If bisectors of $\angle A$ and $\angle B$ of a quadrilateral $A B C D$ intersect each other at $P$, of $\angle B$ and $\angle C$ at $Q$, of $\angle C$ and $\angle D$ at $R$ and of $\angle D$ and $\angle A$ at $S$, then $P Q R S$ is a
(a) rectangle
(b) rhombus
(c) parallelogram
(d) quadrilateral whose opposite angles are supplementary
(d) Given, $A B C D$ is a quadrilateral and all angles bisectors form a quadrilateral $P Q R S$.
We know that, sum of all angles in a quadrilateral is $360^{\circ}$.
$\therefore \quad \angle A+\angle B+\angle C+\angle D=360^{\circ}$
On dividing both sides by 2 , we get
$\frac{1}{2}(\angle A+\angle B+\angle C+\angle D)=\frac{360^{\circ}}{2}$
$\Rightarrow \quad \angle P A B+\angle P B A+\angle R C D+\angle R D C=180^{\circ}$ $\ldots(i)$
[since, $A P$ and $P B$ are the bisectors of $\angle A$ and $\angle B$ respectively also $R C$ and $R D$ are the bisectors of $\angle C$ and $\angle D$ respectively]
Now, in $\triangle A P B$,
$\angle P A B+\angle A B P+\angle B P A=180^{\circ}$
[by angle sum property of a triangle]
$\Rightarrow \quad \angle P A B+\angle A B P=180^{\circ}-\angle B P A \quad$... (ii)
Similarly in $\triangle R D C$,
$\angle R D C+\angle D C R+\angle C R D=180^{\circ}$
[by angle sum property of a triangle]
$\Rightarrow \quad \angle R D C+\angle D C R=180^{\circ}-\angle C R D \quad \ldots$ (ii)
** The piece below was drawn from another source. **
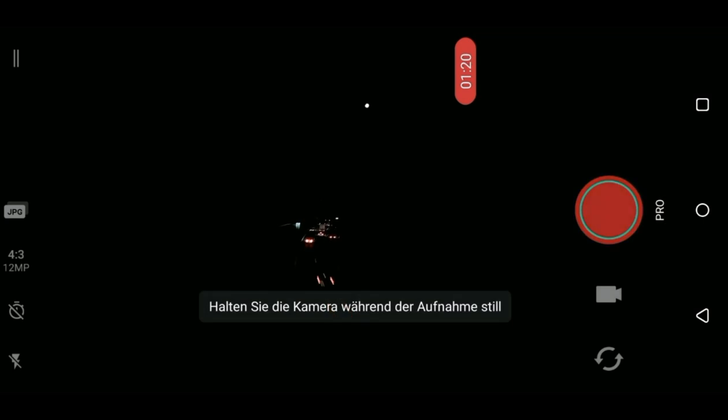There is one trick where you can set the exposure extremely high, get a too bright picture, and still get a great photo anyway. Don't shoot JPEG — shoot RAW if your phone is able to.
On substituting the value Egs. (ii) and (iii) in Eg. (i), we get
$180^{\circ}-\angle B P A+180^{\circ}-\angle D R C=180^{\circ}$
$\Rightarrow \quad \angle B P A+\angle D R C=180^{\circ}$
$\Rightarrow \quad \angle S P Q+\angle S R Q=180^{\circ}$
$[\because \angle B P A=\angle S P Q$ and $\angle D R C=\angle S R Q$ vertically opposite angles $]$
Hence, $P Q R S$ is a quadrilateral whose opposite angles are supplementary.